The penultimate dish was where we started to really lose our minds in excitement. Little individual bowls of hand-made noodles with asparagus, preserved gai lan and walnut-infused oil were such unexpected taste explosions that we all exclaimed about them loudly before shutting up to tuck properly in. I would have been happy to curl up with a giant bowl of this alone.

The very last dish was a plate of crispy, spicy potatoes. We weren’t paying attention to what the spices actually were because we were too busy devouring them with a zeal that was bordering on cult-like. These taters and the noodles, that’s what I would like to eat forever, please.

While not every dish was an unqualified success, I still feel that Shu’s Wednesday vegan degustation is something that all Melbourne residing veg*ns should have a go at. The best thing about the menu utilising seasonal ingredients is that it changes from week to week, and for $40 the value is quite honestly obscene. It’s not the kind of burn-it-up Sichuan cooking that most of us are used to, but it was actually quite lovely to experience a more subtle interpretation of Sichuan’s rich culinary tradition.

To read Steph’s account of our visit, head over here to Vegan About Town.

To read Cindy and Michael’s account, head to Where’s the Beef?

Shu

147 Johnston Street, Collingwood

Ph: 9090 7878

www.shurestaurant.com

Bayte

Bayte has been on my “oh dear god you need to visit this place NOW, what is wrong with you?” list for, well, basically forever. Potential delicious Lebanese food times cannot be ignored. I was however stymied several times in visiting due to both their erratic opening hours (they see to have settled down now and are reliably open for lunch and dinner from Wednesdays to Fridays and from 9am-11pm on weekends), and the fact that whenever I tried to visit they were groaning at the seams without room for yet more patrons.

Clearly I was going to have to scheme to visit at a less popular time. Utilising my “how to walk into a table at Chin Chin” timing rule, I waited until 3pm one Saturday afternoon to saunter in with Julian in tow. Behold! Many a free table was awaiting us!

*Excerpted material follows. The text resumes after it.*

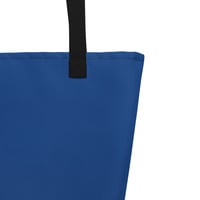 Large Tote Bag Blue  - Thumbnail 2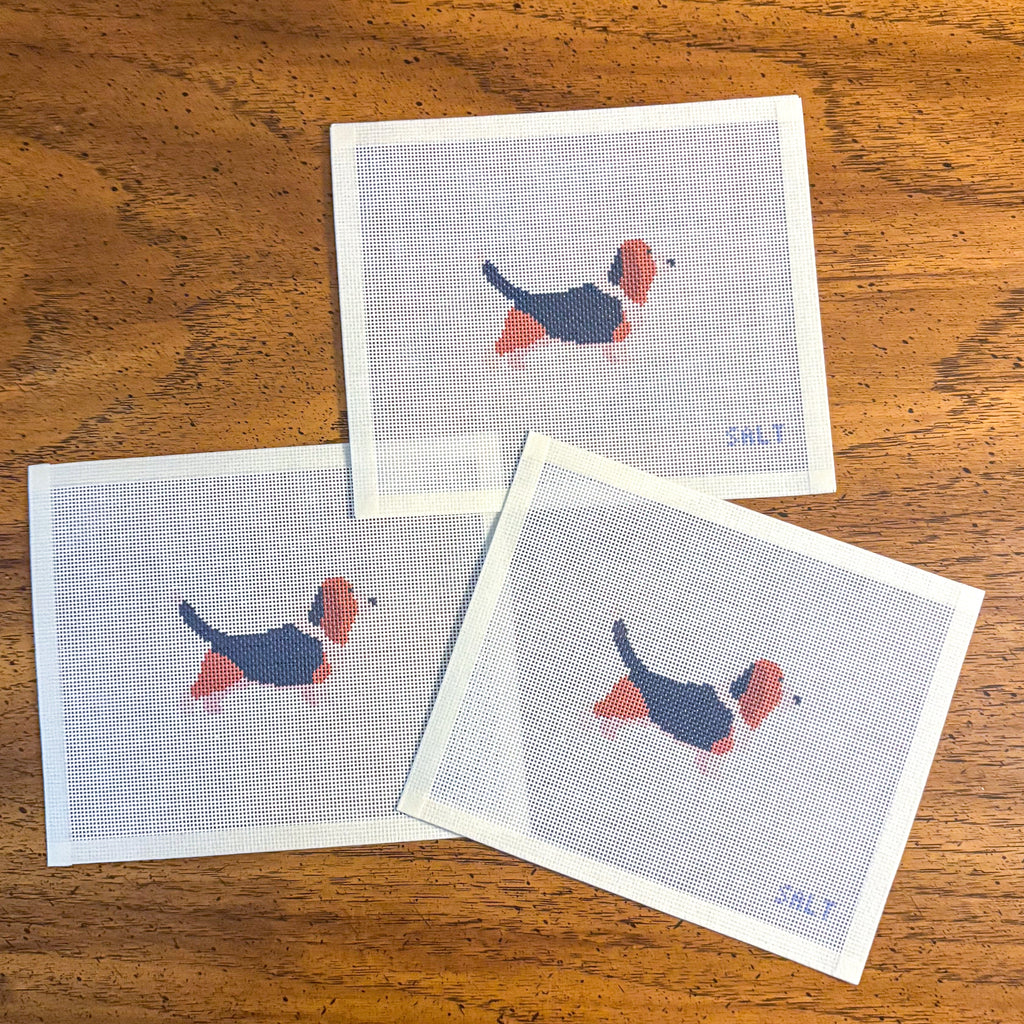 Basset Hound Needlepoint Canvas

See, starving yourself for hours to eat at an unfashionable time does have it’s benefits.

Since it was drifting into late-afternoon, the menu was restricted to the mezze options, but there were so many of these to choose from that we didn’t feel at all constricted in terms of choice. Luckily we were able to order quite a few of the items that Where’s the Beef had enjoyed during their visit, whose enthusiastic post was at the forefront of my mind.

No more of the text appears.